### What needs to be done
Each line of the records that includes "Laptop" should be found and copied.

(Records from a collection)
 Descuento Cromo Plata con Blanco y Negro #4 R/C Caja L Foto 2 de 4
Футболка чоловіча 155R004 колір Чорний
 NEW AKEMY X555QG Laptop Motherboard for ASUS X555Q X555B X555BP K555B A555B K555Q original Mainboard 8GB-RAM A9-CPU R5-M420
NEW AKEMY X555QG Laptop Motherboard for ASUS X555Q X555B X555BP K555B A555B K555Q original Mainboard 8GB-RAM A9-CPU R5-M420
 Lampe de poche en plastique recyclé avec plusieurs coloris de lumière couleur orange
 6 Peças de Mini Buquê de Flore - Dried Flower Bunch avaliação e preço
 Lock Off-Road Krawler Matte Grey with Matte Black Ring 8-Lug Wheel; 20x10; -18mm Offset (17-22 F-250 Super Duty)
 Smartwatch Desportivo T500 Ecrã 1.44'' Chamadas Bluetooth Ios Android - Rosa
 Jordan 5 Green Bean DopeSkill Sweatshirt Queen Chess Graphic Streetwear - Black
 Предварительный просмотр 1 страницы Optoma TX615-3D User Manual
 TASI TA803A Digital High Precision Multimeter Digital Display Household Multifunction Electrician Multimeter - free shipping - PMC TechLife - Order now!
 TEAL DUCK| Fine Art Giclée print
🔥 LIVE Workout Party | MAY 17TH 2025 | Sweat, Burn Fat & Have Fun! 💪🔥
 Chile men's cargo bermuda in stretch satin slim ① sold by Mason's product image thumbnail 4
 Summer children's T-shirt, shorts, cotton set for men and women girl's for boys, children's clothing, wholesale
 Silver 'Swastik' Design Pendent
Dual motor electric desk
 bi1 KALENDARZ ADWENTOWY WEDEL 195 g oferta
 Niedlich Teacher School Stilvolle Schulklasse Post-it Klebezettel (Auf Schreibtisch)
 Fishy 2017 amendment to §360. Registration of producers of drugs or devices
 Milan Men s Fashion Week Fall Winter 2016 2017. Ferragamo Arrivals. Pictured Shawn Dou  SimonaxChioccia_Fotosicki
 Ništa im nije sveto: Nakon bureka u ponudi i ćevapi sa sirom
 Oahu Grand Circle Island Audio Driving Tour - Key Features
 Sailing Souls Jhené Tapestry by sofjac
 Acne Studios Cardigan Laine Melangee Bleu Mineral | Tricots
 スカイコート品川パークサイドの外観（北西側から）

### Solution for this task
 NEW AKEMY X555QG Laptop Motherboard for ASUS X555Q X555B X555BP K555B A555B K555Q original Mainboard 8GB-RAM A9-CPU R5-M420
NEW AKEMY X555QG Laptop Motherboard for ASUS X555Q X555B X555BP K555B A555B K555Q original Mainboard 8GB-RAM A9-CPU R5-M420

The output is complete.